Les quatre années de la présidence Medvedev, déjà présentée à Moscou comme un interrègne, n’auront-elles servi à rien ? Le bilan est certes maigre, mais pas nul. Le legs le plus important est sans doute le renouvellement en profondeur des élites régionales. Le renvoi du maire de Moscou Iouri Loujkov, ainsi que les départs de Mintimer Chaïmiev et de Mourtaza Rakhimov (respectivement à la tête des républiques du Tatarstan et du Bachkortorstan depuis près de vingt ans), sont à relever. La réforme du ministère de l’intérieur, bien qu’inachevée et insuffisante, ne se résume pas à un simple changement de nom de la police comme on l’a beaucoup écrit.

Dmitri Medvedev a en outre joué son rôle de président en mettant au coeur du débat public des enjeux vitaux pour l’avenir de la Russie tels que la corruption ou la modernisation. Il a de fait restauré une forme de pluralisme à Moscou. Le chef de l’Etat a ce faisant redonné quelques espoirs aux libéraux, aux démocrates et aux représentants de la classe moyenne urbaine russe quant à une évolution normale – c’est-à-dire, au fond, européenne – de leur pays. La désillusion n’en est que plus terrible pour ces catégories sociales, tentées par l’émigration et sans lesquelles le redressement de la Russie est impossible.

L’une des principales interrogations aujourd’hui en Europe concerne les conséquences du retour de Vladimir Poutine au Kremlin sur les relations russo-occidentales. Dmitri Medvedev incarnait une hypothèse de développement plus optimiste pour la Russie, qu’il s’agisse de ses réformes internes ou des possibilités de coopération internationale. Un second mandat avait la préférence des Occidentaux. Le vice-président, Joseph Biden, avait fait passer le message à Moscou au printemps. Certains diplomates français doutent que Paris se soit engagé dans la vente du porte-hélicoptères Mistral à la Russie si Dmitri Medvedev n’avait pas été l’interlocuteur de Nicolas Sarkozy depuis l’automne 2008.

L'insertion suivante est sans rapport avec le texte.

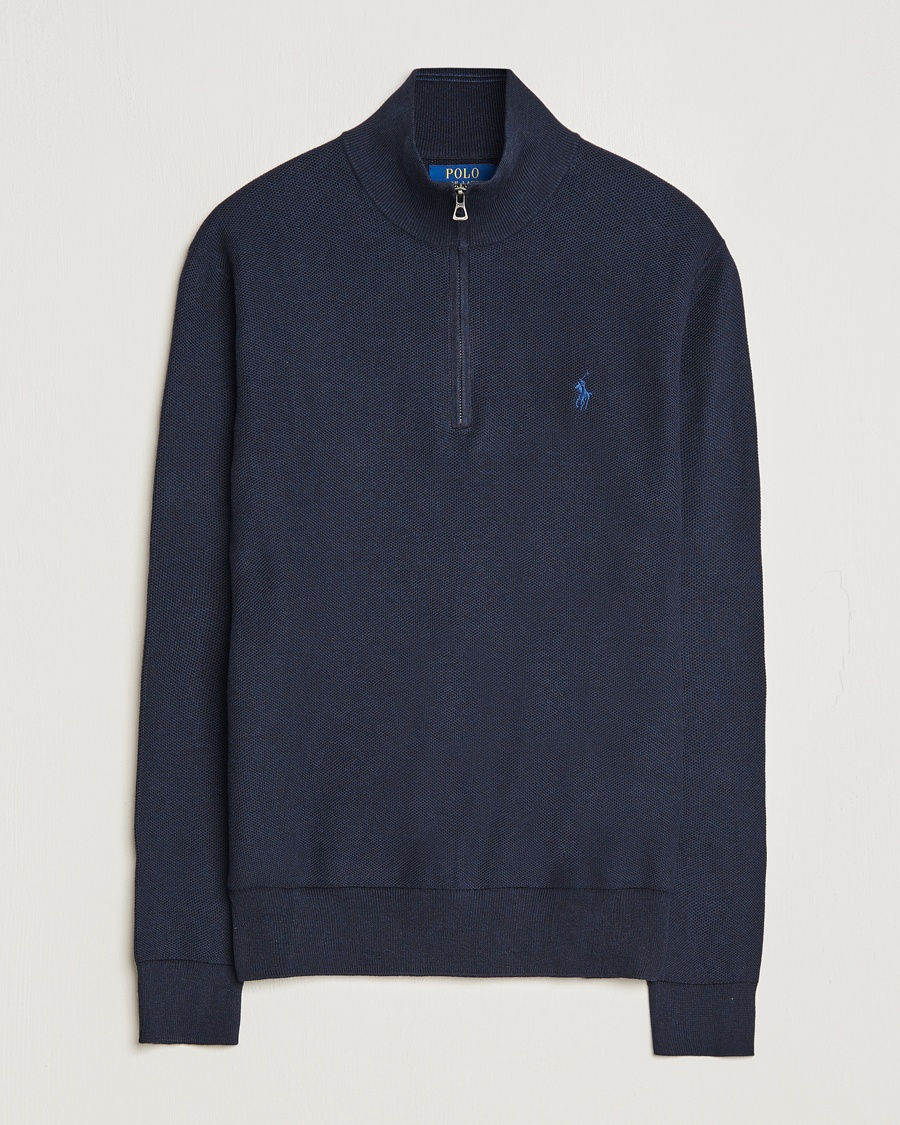 Herr | Tröjor | Polo Ralph Lauren | Half Zip Cotton Pullover Navy Heather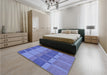 Patterned Sky Blue Rug in a Bedroom, pat1156blu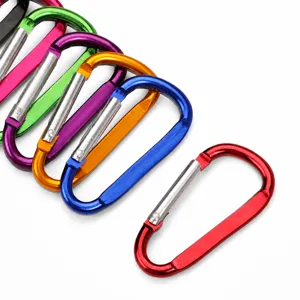 Mousqueton plat en aluminium coloré 5# mini crochet pour clés et équipement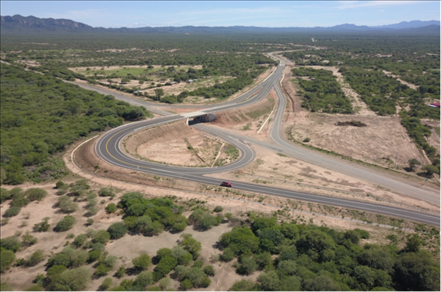 埃爾埃斯皮諾公路項目互通立交航拍。中國中鐵供圖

Le retour de Vladimir Poutine au Kremlin en 2012 ne modifiera pas immédiatement la substance de la diplomatie russe (sauf peut-être dans la Communauté des Etats indépendants et au Moyen-Orient). Ce que va changer, en revanche, c’est la perception de la Russie à l’étranger. La France et l’Allemagne auront plus de mal à convaincre leurs partenaires et les instances bruxelloises d’être optimistes sur l’évolution de la Russie à moyen terme. Une défaite de Barack Obama à l’automne 2012 signerait la fin de la politique de reset et replongerait Américains, Russes et Européens dans l’atmosphère de mini-guerre froide caractéristique de la fin de la présidence Bush.

Vingt ans après l’effondrement de l’Union soviétique, Moscou semble à nouveau regarder vers le passé plus que vers l’avenir. Dmitri Medvedev, comme bien d’autres réformateurs russes avant lui, a été sacrifié. Il est à craindre que la Russie paie très cher ce nouveau rendez-vous manqué avec la modernisation.